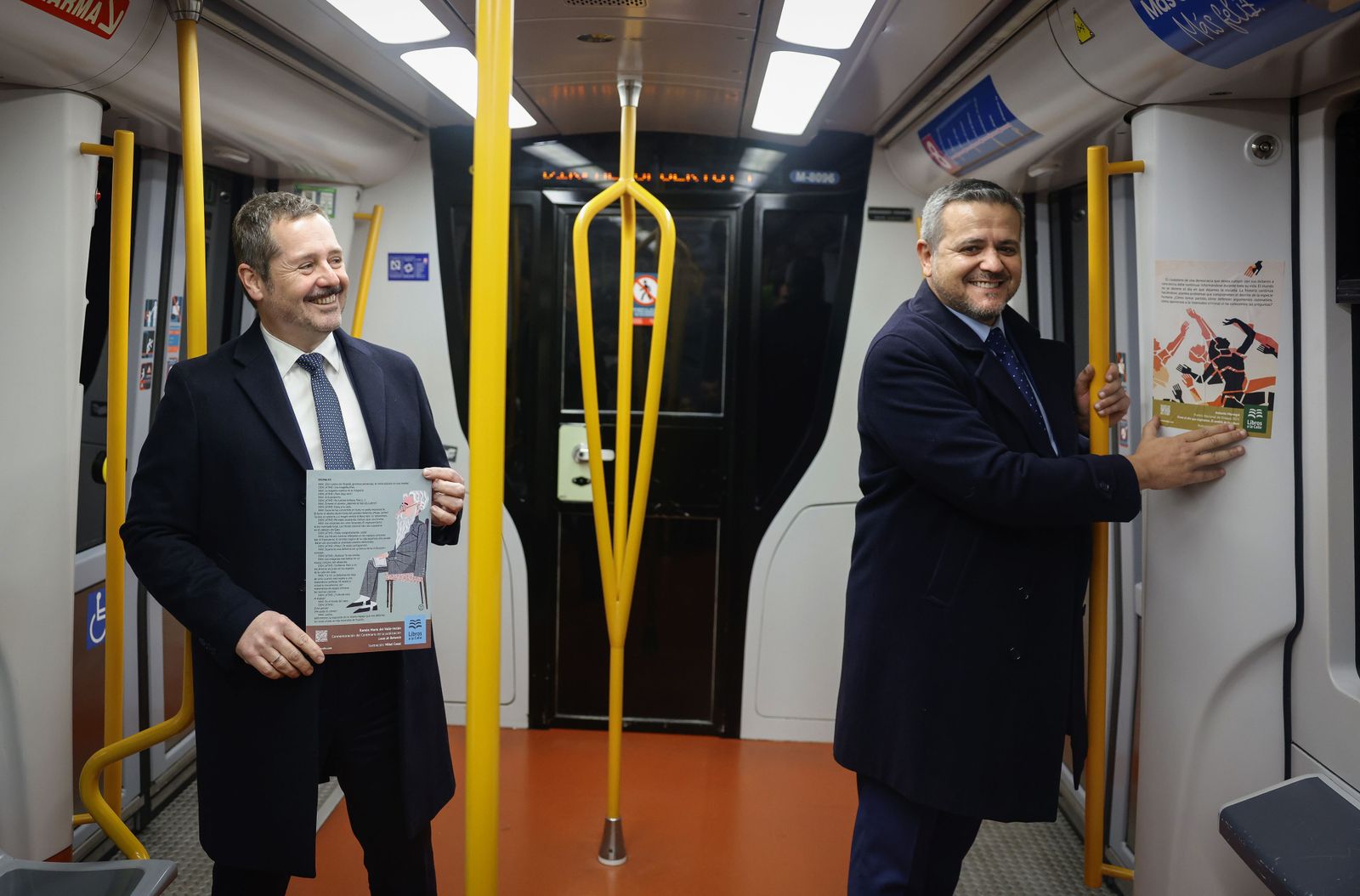 Los 'Libros a la calle' vuelven a viajar por el Metro de Madrid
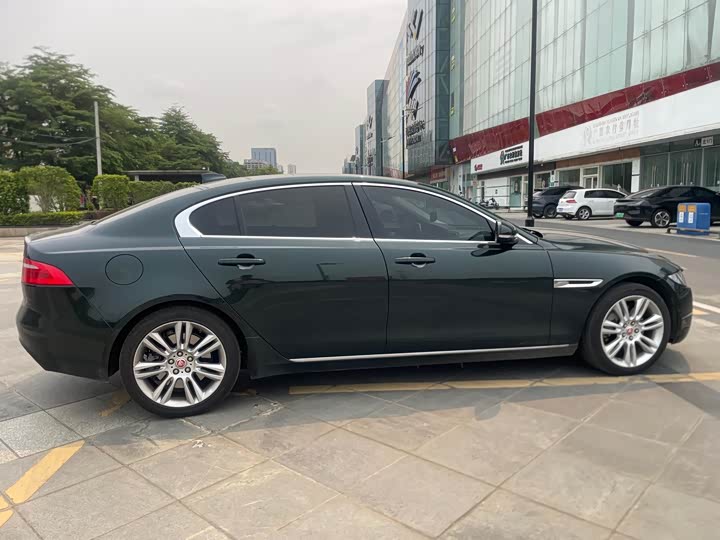 Jaguar XEL 2019 2.0 T 200 PS — фото 4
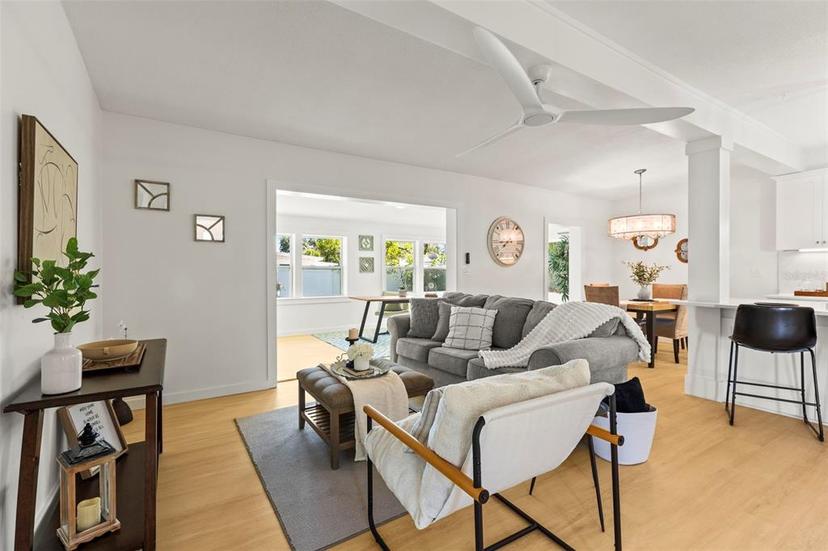 Picture of 722 61St Avenue S, St Petersburg FL 33705
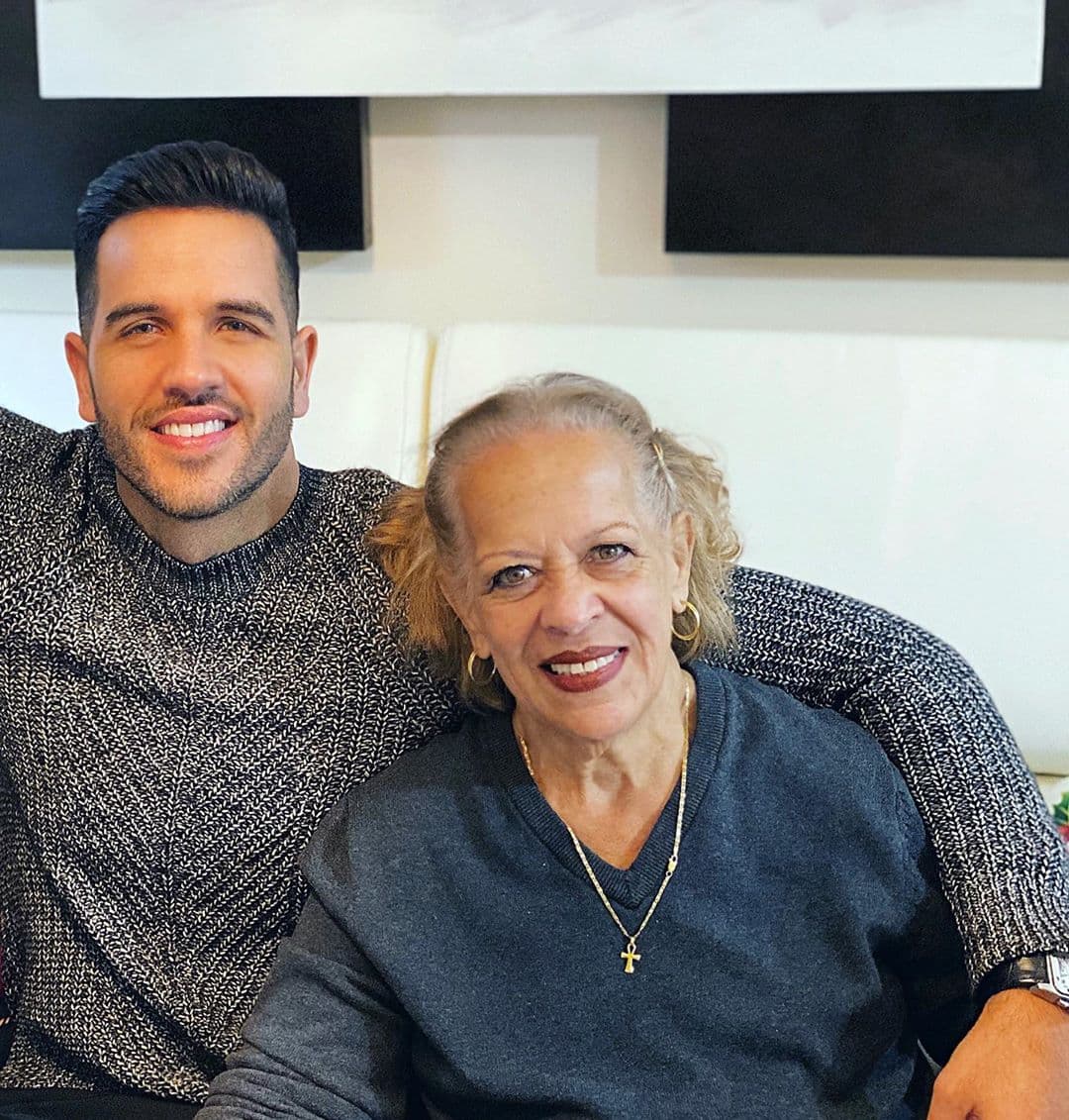 Yisus también envió un amoroso mensaje a su mamá por su cumpleaños, y aseguro que por ahora le debe el abrazo.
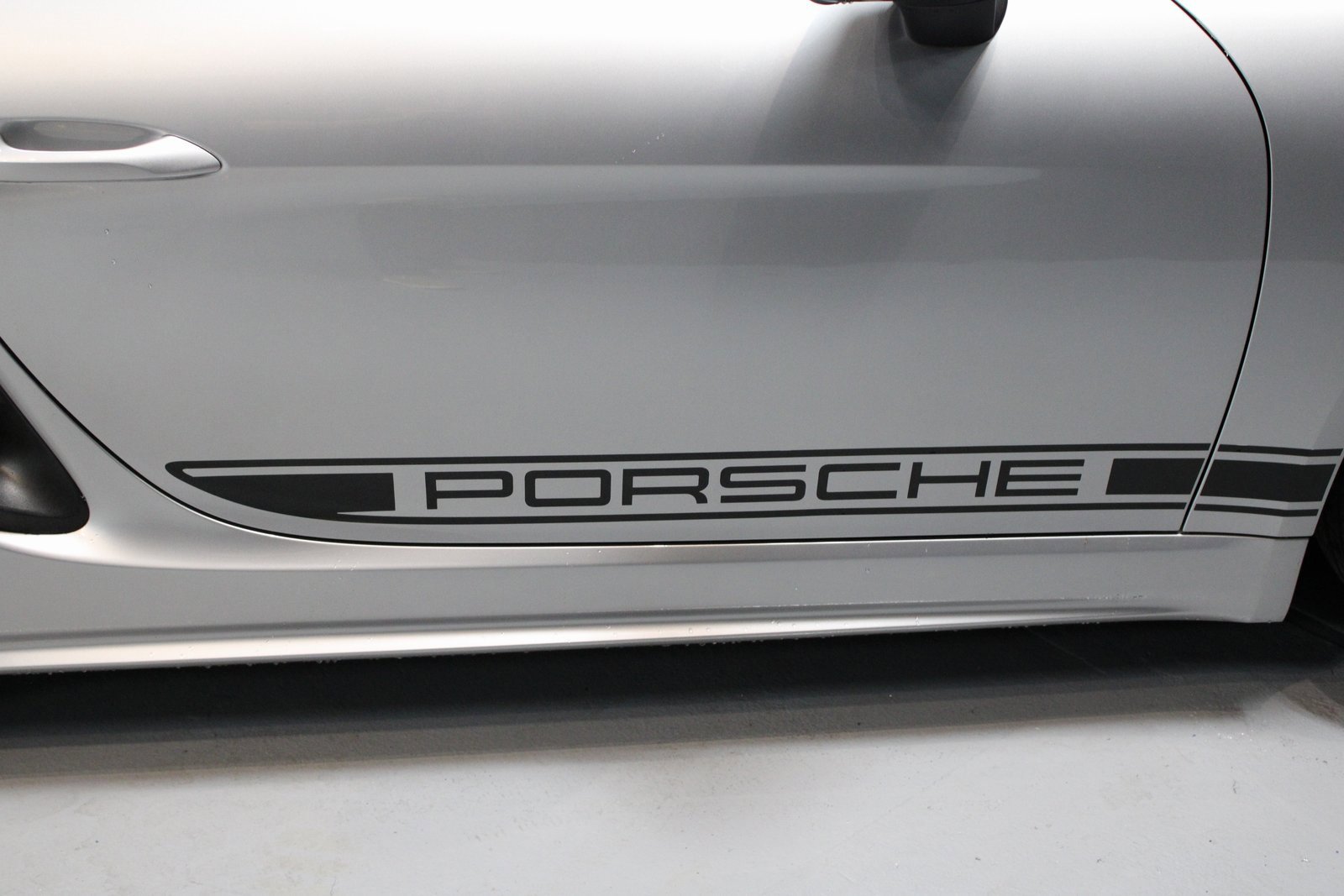 Used 2024 Porsche 718 Boxster image 29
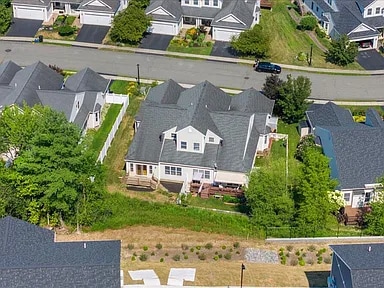 Photo - 48 Lori Jean Pl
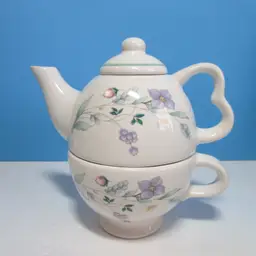 vintage Pfaltzgraff Tea For One April floral pattern individual stacking teapot with cup set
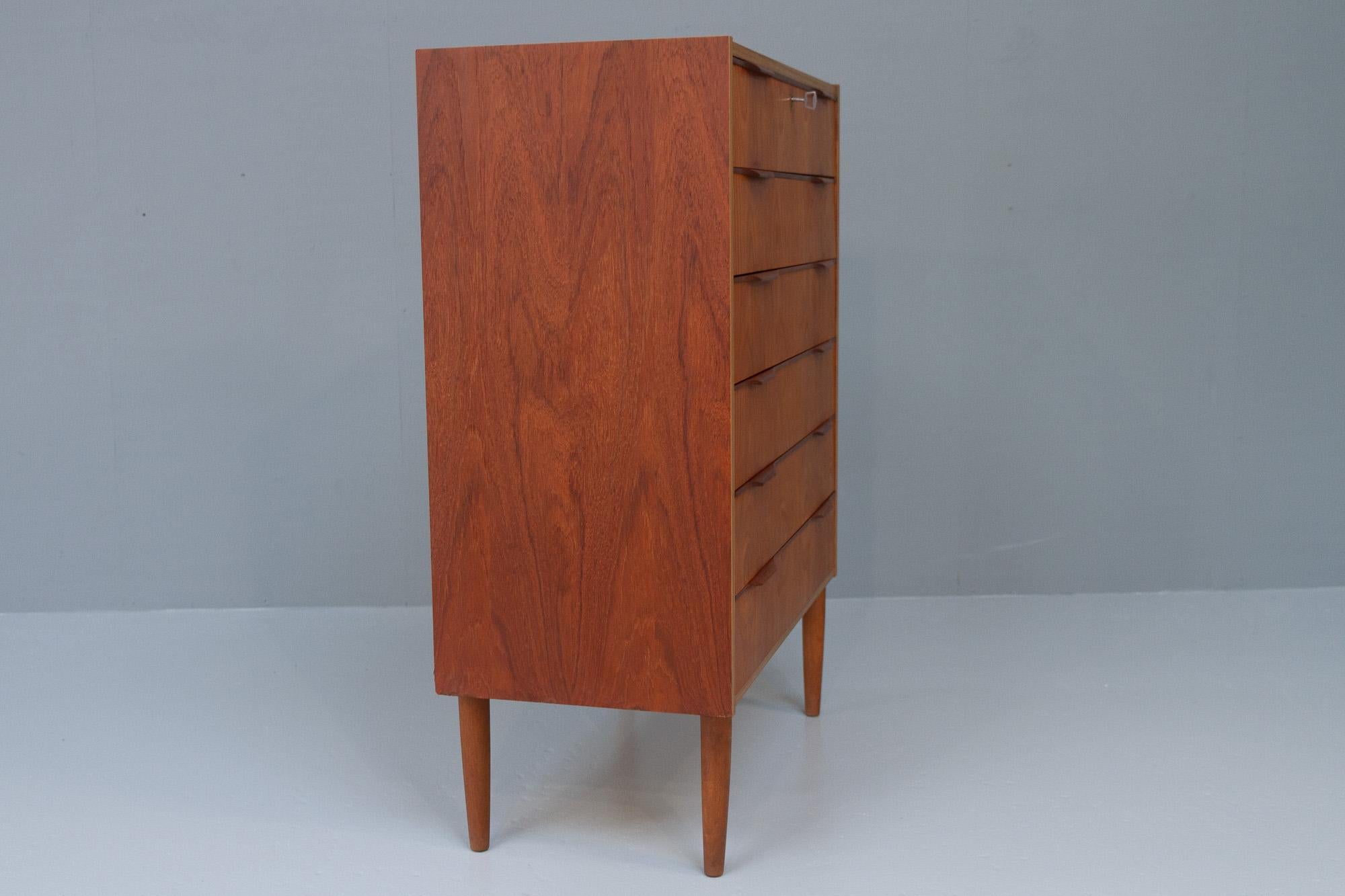 Vintage Danish Teak Dresser, 1960s. 7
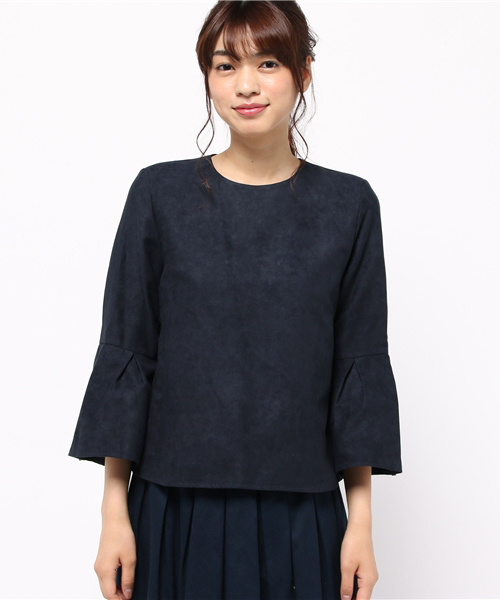 ROPE' PICNIC（ロペピクニック）の「スエードタックフレアスリーブブラウス（シャツ/ブラウス・レディース・グレー/ネイビー/キャメル/ワイン・38）」の5枚目の写真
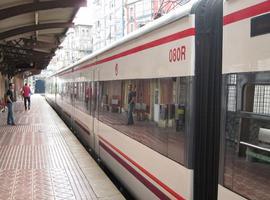 Oviedo, Gijón y Barcelona, destinos estrella de Renfe durante el mes de junio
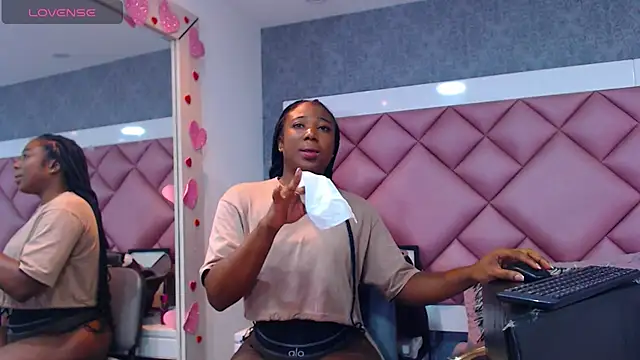 DanielaDuff online show from April 9, 7:42 pm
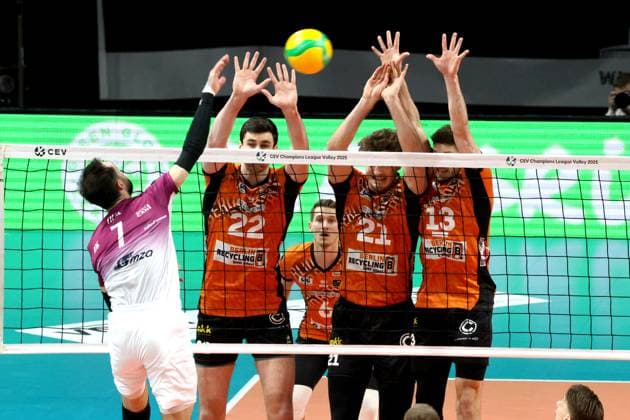 Sport Bilder des Tages DEU, CEV Champions League, BR Volleys vs. Projekt WARSZAWA, 29.01.2025, Max-Schmeling-Halle, Berlin, DEU, CEV Champions League, BR Volleys vs. Projekt WARSZAWA, im Bild Jake Hanes (BR Volleys 22), Tobias Krick (BR Volleys 21), Ruben Schott (BR Volleys 13), TILLIE Kevin (Projekt WARSZAWA 7) Foto: Juergen Engler nordphoto GmbH
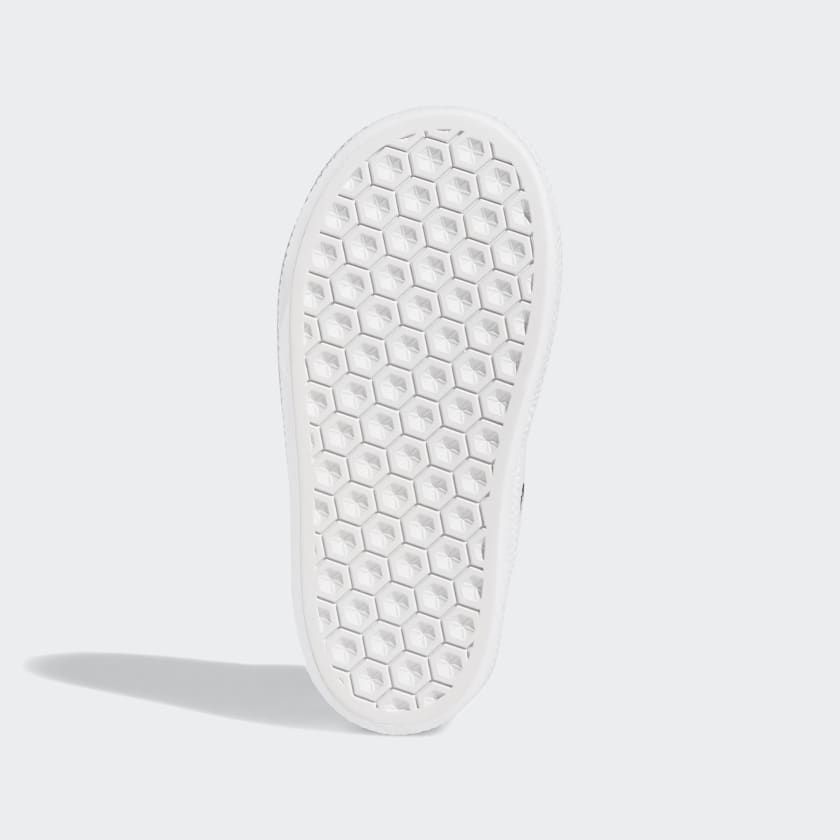 Adidas Kinderschuhe 3MC X Disney Sport Goofy White stab retro sneaker air force one damen retro sneaker damen snkraddicted streetwear marken schuhe 80er jahre sneakerjagers adidas limited edition 80er schuhe retro sneaker seltene sneaker adidas sonderedition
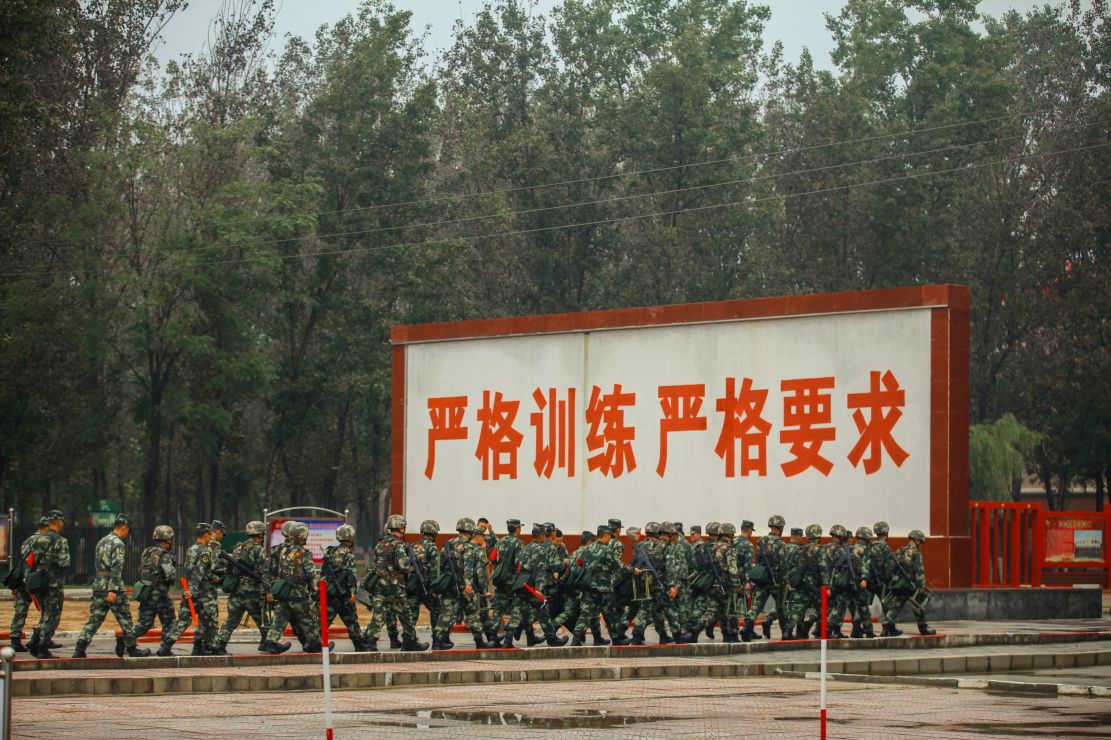 ֻ���ϸ�ѵ�����ϸ�Ҫ�󣬲��ܳ�Ϊս����ʤ��ȭ���ܾ� ��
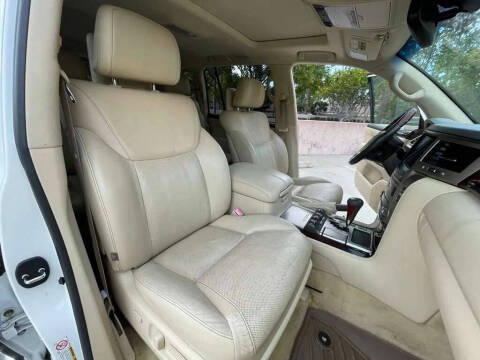 2014 Lexus LX 570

§ What this task involves
Start with the line holding "Vintage Danish Teak Dresser, 1960s. 7" and repeat exactly every line through the final line of the records above, but no pictures and nothing more.

§ Exercise result
 Vintage Danish Teak Dresser, 1960s. 7
 ROPE' PICNIC（ロペピクニック）の「スエードタックフレアスリーブブラウス（シャツ/ブラウス・レディース・グレー/ネイビー/キャメル/ワイン・38）」の5枚目の写真
 Oviedo, Gijón y Barcelona, destinos estrella de Renfe durante el mes de junio
 DanielaDuff online show from April 9, 7:42 pm
 Sport Bilder des Tages DEU, CEV Champions League, BR Volleys vs. Projekt WARSZAWA, 29.01.2025, Max-Schmeling-Halle, Berlin, DEU, CEV Champions League, BR Volleys vs. Projekt WARSZAWA, im Bild Jake Hanes (BR Volleys 22), Tobias Krick (BR Volleys 21), Ruben Schott (BR Volleys 13), TILLIE Kevin (Projekt WARSZAWA 7) Foto: Juergen Engler nordphoto GmbH
 Adidas Kinderschuhe 3MC X Disney Sport Goofy White stab retro sneaker air force one damen retro sneaker damen snkraddicted streetwear marken schuhe 80er jahre sneakerjagers adidas limited edition 80er schuhe retro sneaker seltene sneaker adidas sonderedition
 ֻ���ϸ�ѵ�����ϸ�Ҫ�󣬲��ܳ�Ϊս����ʤ��ȭ���ܾ� ��
 2014 Lexus LX 570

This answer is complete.